В марте 1953 года он направил в Президиум Верховного Совета СССР прошение об освобождении из ссылки, продолжая доказывать свою невиновность и ссылаясь на безупречную свою работу в прошлом. Через месяц МВД СССР уведомляет его, «что его заявление рассмотрено» и он «на основании Указа от 27/III-1953 года подлежит амнистии». Проживать теперь он может где угодно и наконец-то возвращается в Москву. Спустя двадцать лет. После смерти родителей. Однако оставаться в Люблино не хочет — его квартира после кончины родителей занята другими людьми. Конфликтовать он ни с кем не желает, а потому перебирается в подмосковную Апрелевку, где на известном в те годы заводе грампластинок ему была предложена работа в должности начальника отдела капитального строительства с предоставлением квартиры. Теперь он может воссоединиться с семьей — женой и приемной дочерью, ожидавшими его возвращения. Тогда же впервые увидел своего дядю Павла и автор этих строк.

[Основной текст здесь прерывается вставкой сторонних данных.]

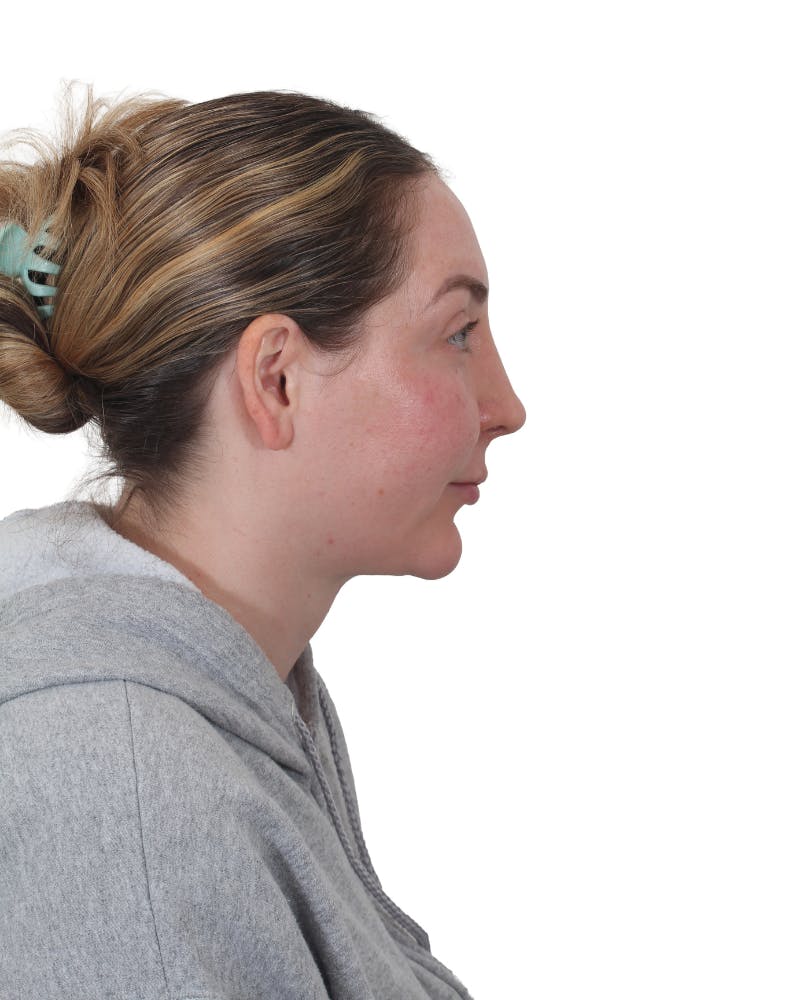Facelift/Neck Lift Before & After Gallery - Patient 237184 - Image 2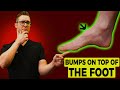 Bone Spur on Top of the Foot  [Treatment for Bumps & Lumps!]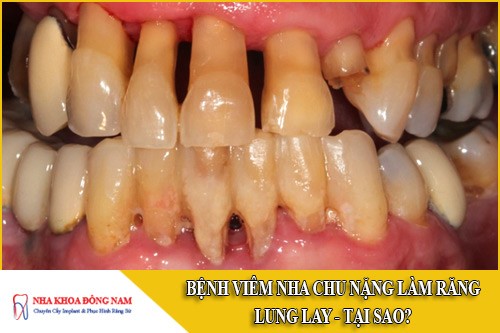 bệnh viêm nha chu nặng làm răng lung lay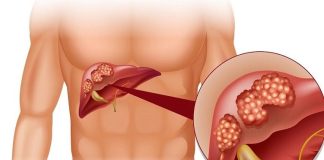 4 dấu hiệu buổi tối báo hiệu Gan đang suy yếu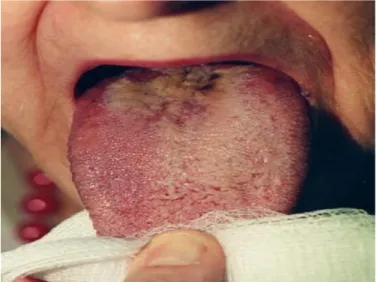 Gambar 10. Hairy tongue  9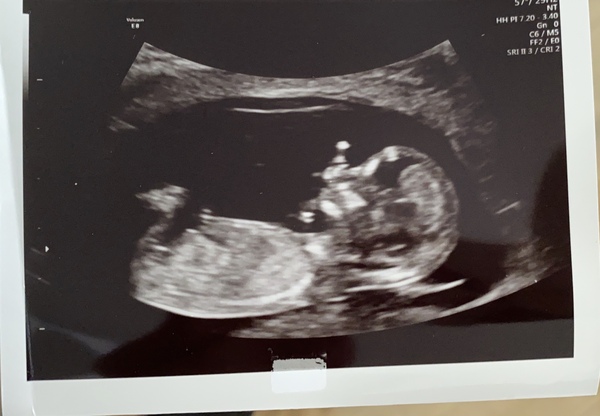 Another one..gender guess?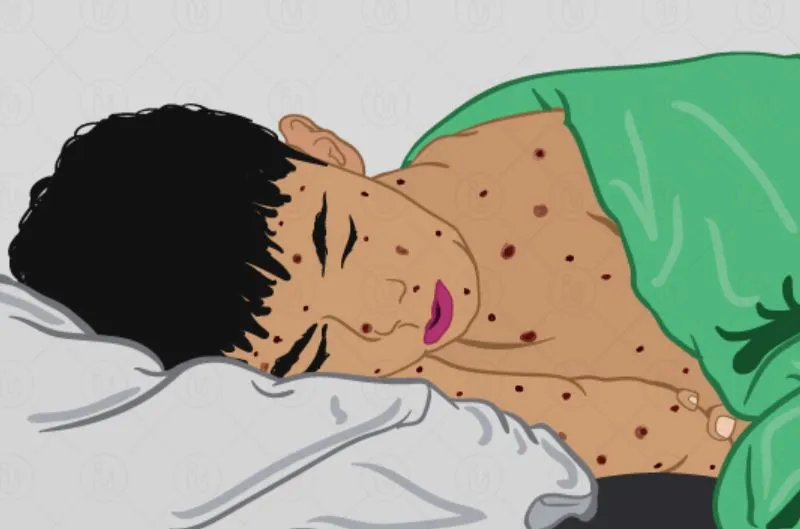 Bareilly: शहर में चिकन पॉक्स की दस्तक, युवक मिला ग्रसित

В январе 1955 года Павел Яковлевич получает приглашение на работу в союзном проектном институте «Гипрокинополиграф», что в центре Москвы. Его высокая профессиональная квалификация не остается незамеченной. Он назначен на должность старшего архитектора института и осуществляет авторский надзор за строительством фабрики офсетной печати в Дмитрове, производственного корпуса «Красный пролетарий», других объектов, а также большого количества жилых домов в столице и области.

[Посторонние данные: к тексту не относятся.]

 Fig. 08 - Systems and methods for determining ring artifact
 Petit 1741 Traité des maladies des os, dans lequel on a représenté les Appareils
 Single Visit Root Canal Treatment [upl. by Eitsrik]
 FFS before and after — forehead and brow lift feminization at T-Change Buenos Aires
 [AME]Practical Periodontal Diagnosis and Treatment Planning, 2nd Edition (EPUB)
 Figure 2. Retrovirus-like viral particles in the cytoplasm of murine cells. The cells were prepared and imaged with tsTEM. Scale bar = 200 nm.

В конце 1965 года, будучи уже на пенсии, Павел Яковлевич получает приглашение работать во вновь организуемом Специальном конструкторском бюро АН СССР. Это весьма престижная, интересная работа. Силы еще есть, квалификация позволяет, он дает согласие и приступает к обязанностям врио начальника отдела конструкторского бюро. Но начавшееся кадровое оформление дает сбой. Ему сообщают, что на должность начальника его назначить не смогут: «У вас прошлое…»
«Как же так? — справедливо возмущается он. — Я же амнистирован!»

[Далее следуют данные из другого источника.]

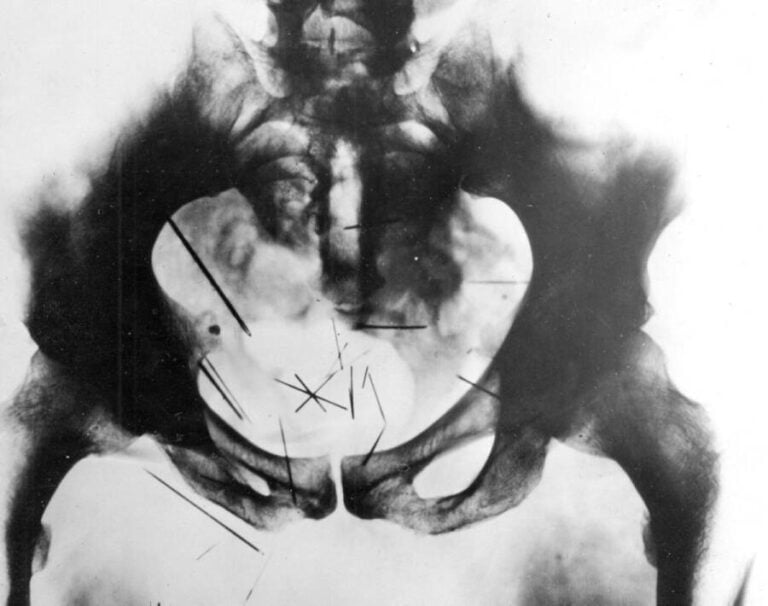 Albert fish the brooklyn vampire who killed and ate children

Но в данном случае это, оказывается, не имеет значения. Амнистирован, то есть прощен. Прощен — стало быть, было за что прощать. Следовательно, совершил что-то преступное. И это «что-то» преследует его и будет преследовать весь остаток жизни.
Тогда он берет перо и обращается к генеральному прокурору СССР: «В 1953 году я был амнистирован из ссылки… отпущен на свободу», — пишет он и просит реабилитации, которая, помимо освобождения от уголовного преследования и снятия судимости, восстановит его в гражданских правах, вернет доброе имя, прежнюю репутацию.
Это его заявление было удовлетворено. Прокурор города Москвы внес в Президиум Московского городского суда протест, в котором отмечал, что «основанием к осуждению Матюшенко и других послужили их личные показания и показания свидетеля «S»» и что «расследование по делу проводилось с грубым нарушением норм УПК РСФСР, с материалами дела осужденные не знакомились…» и т.д. В итоге, после всех официальных процедур Павел Яковлевич был реабилитирован и по первому, и по второму делу. Однако силы и нервы у него уже на исходе. Тридцать четыре года нес он этот крест. Половину жизни…
Он никогда ни на что не жаловался. Старался не подавать и виду, что ему тяжело, что он опасно болен. Но теперь, поздравляя родных, сообщает, что занемог. Как же ему не хворать после многочисленных допросов, сопровождавшихся истязаниями?! Вспоминаю его частые сердечные приступы и непременное обращение к лекарствам. Да и как сердце могло выдержать все, что пережито?!
28 декабря 1969 года Павел Яковлевич скончался. Причиной смерти стал инсульт. Провожали мы его в последний путь на местное кладбище, что на окраине Апрелевки. Стояли такие же суровые морозы, как и в памятном 1941-м, когда хоронили Евдокию Григорьевну, его матушку. А я, стоя над свежей могилой, думал, как много, вопреки всем испытаниям, удалось ему сделать в своей жизни.